Win A Trip To Sweden To Play Battlefield 3

This is what you'll like look on the gun-range. Almost certainly.

Greetings, humans. We have a new competition for you, and it’s a little different from the norm. In fact, it’s far better than the norm. (Well, unless you’re afraid of flying. Then it might be worse, I guess).

The prize, for two lucky readers from the UK, is three days and two nights in Stockholm, Sweden, during which you’ll get hands-on time with early code for Battlefield 3, meet and interview developers EA DICE, stay in a five-star hotel and also visit a local range to fire some real guns as well as BF3’s virtual ones. You can still shout ‘dakkadakkadakkadakka’ as you do so if you wish, but honestly, it won’t be necessary. Real bullets, see.
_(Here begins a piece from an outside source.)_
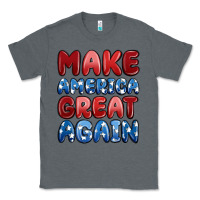 Charcoal Heather make america great again Classic Tee - MaliasSmallBusiness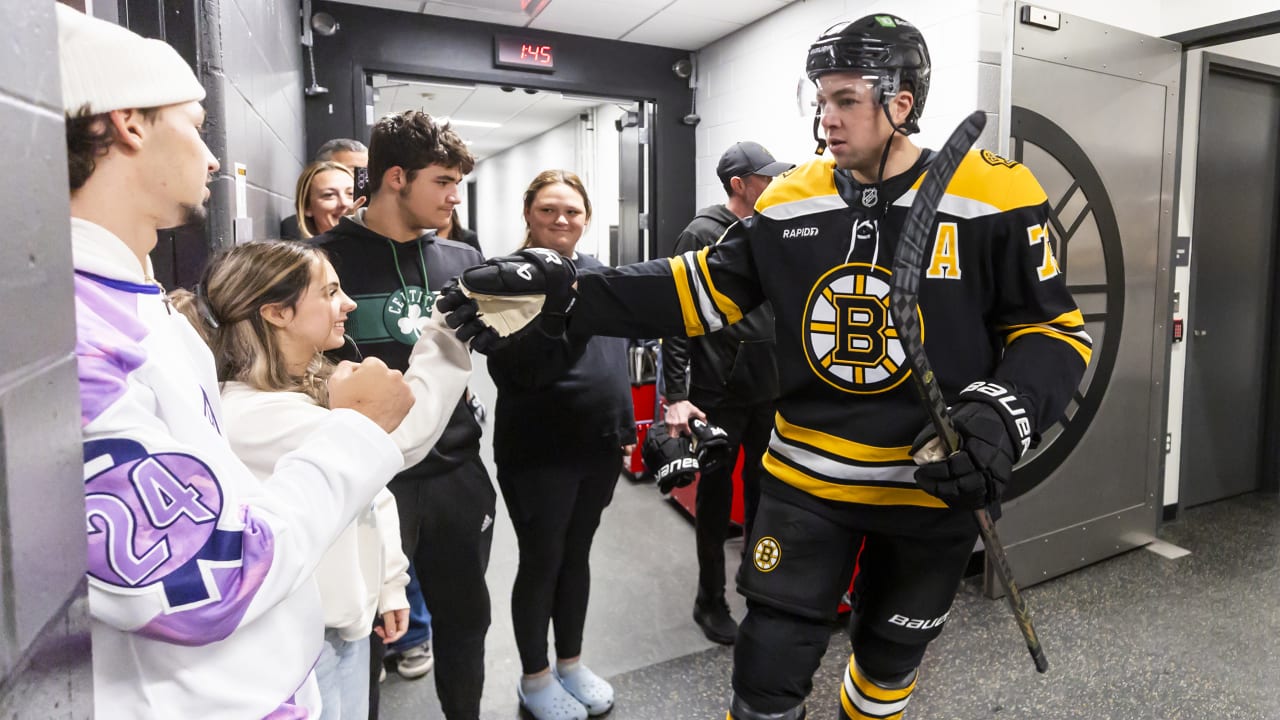 King Clancy nominee McAvoy of Bruins embraces Boston tradition of giving back | Boston Bruins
Oh, and your meals and evening drinks will be catered for too, so don’t worry about starving. I’ll be out there too, so you’ll get to meet me/shoot me with virtual guns in Battlefield 3. But only the virtual ones. Not the real ones. Please. We’ll do a special podcast while we’re out there, chatting about what we got up to in the game, so it’s also the chance to have your voice and opinions broadcast directly into the ears of your fellow RPS readers.

To enter, you first need to check that you’re able to travel to Sweden on 29th, 30th and 31st August. This means having a valid passport as well as the necessary time. Again, please note that this particular competition is only open to UK residents, plus you need to be 18 or older.

You’ll then need to answer the following question, by emailing us at this link:

Which of these was a real Battlefield game?

  • Battlefield 1946
  • Battlefield 2.5
  • Battlefield Quite Good Company 2
  • Battlefield 1942
  • Battlefield: Wales
  • Please include your full, real name in your message, and send it from an email account you check regularly.

    Important rules:

    The closing date for this competition is Friday 5th August 2011 at 5pm BST.
    You must be over 18 and a UK resident to enter.
    You must be available to travel to Sweden from 29th-31st August 2011.
    Prizes will not be exchanged for cash or other goods.
    No employees of Electronic Arts, DICE or Rock, Paper, Shotgun may enter.
    The judge’s decision is final.

    Got all that? Good luck!


  1. sinister agent says:

    No Battlefield Glastonbury?

  2. Rusna says:

    UK only :(

    • Barts says:

      Yea, that sucks. I hate US-only competitions on major gaming sites to the point I stopped reading them. But now I see RPS is also getting on that train, sadly. I mean come on, how about EU-only?

    • Jim Rossignol says:

      We’re a UK-based site, we’ve always run UK-based competitions.

    • Carwash says:

      Too many different laws across the EU (/ world) to be able to run competitions for everyone all of the time.

    • Shinya says:

      What, you guys won’t even fly me from Stockholm to Stockholm? I’m gonna go have a sad now.

    • IDtenT says:

      Sorry to hear about you being unable to enter Jim. Maybe next time.

    • Mr_Initials says:

      Darn, I wanted to shout dakkadakkadakkadakka in public without being judged. or arrested.

  3. DainIronfoot says:

    I’d play Battlefield Wales.

    • ran93r says:

      I’m totally up for that.

    • dog says:

      cardiff vs swansea?
      north vs south ?
      valley trogs vs anglicized english immigrants?
      sons of owain glyndwr vs everyone else (and their holiday homes) ?

    • McDan says:

      I thought exactly the same thing, sounds excellent.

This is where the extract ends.